### Listed entries
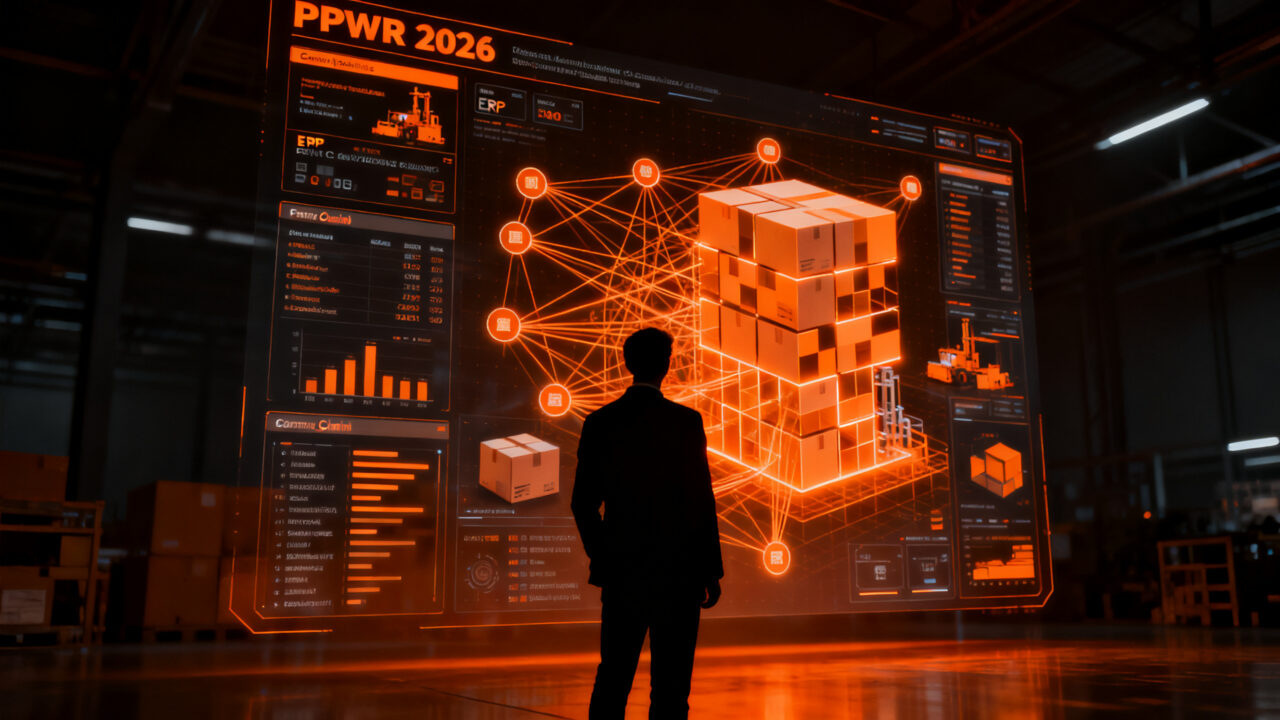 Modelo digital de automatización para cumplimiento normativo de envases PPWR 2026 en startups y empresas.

==

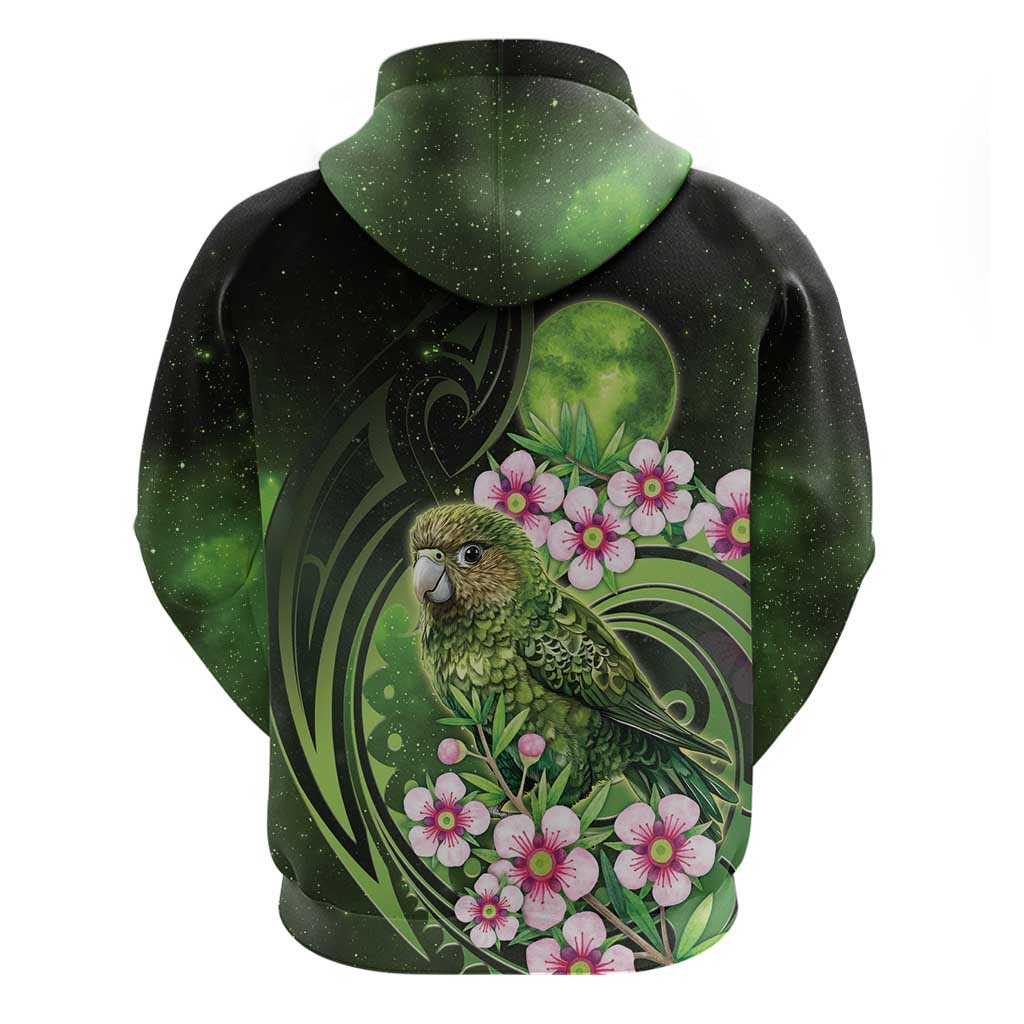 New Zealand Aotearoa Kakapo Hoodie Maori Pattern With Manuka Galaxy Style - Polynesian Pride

...

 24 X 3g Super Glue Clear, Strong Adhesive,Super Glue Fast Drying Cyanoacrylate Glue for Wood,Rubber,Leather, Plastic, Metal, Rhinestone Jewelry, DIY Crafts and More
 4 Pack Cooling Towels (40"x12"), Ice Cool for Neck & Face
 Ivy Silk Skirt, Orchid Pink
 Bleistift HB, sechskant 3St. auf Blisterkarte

### Task details
Could you restate, word for word, the lines above from the one with "4 Pack Cooling" to the one with "Bleistift HB, sechskant", both included?

### Solution for this task
 4 Pack Cooling Towels (40"x12"), Ice Cool for Neck & Face
 Ivy Silk Skirt, Orchid Pink
 Bleistift HB, sechskant 3St. auf Blisterkarte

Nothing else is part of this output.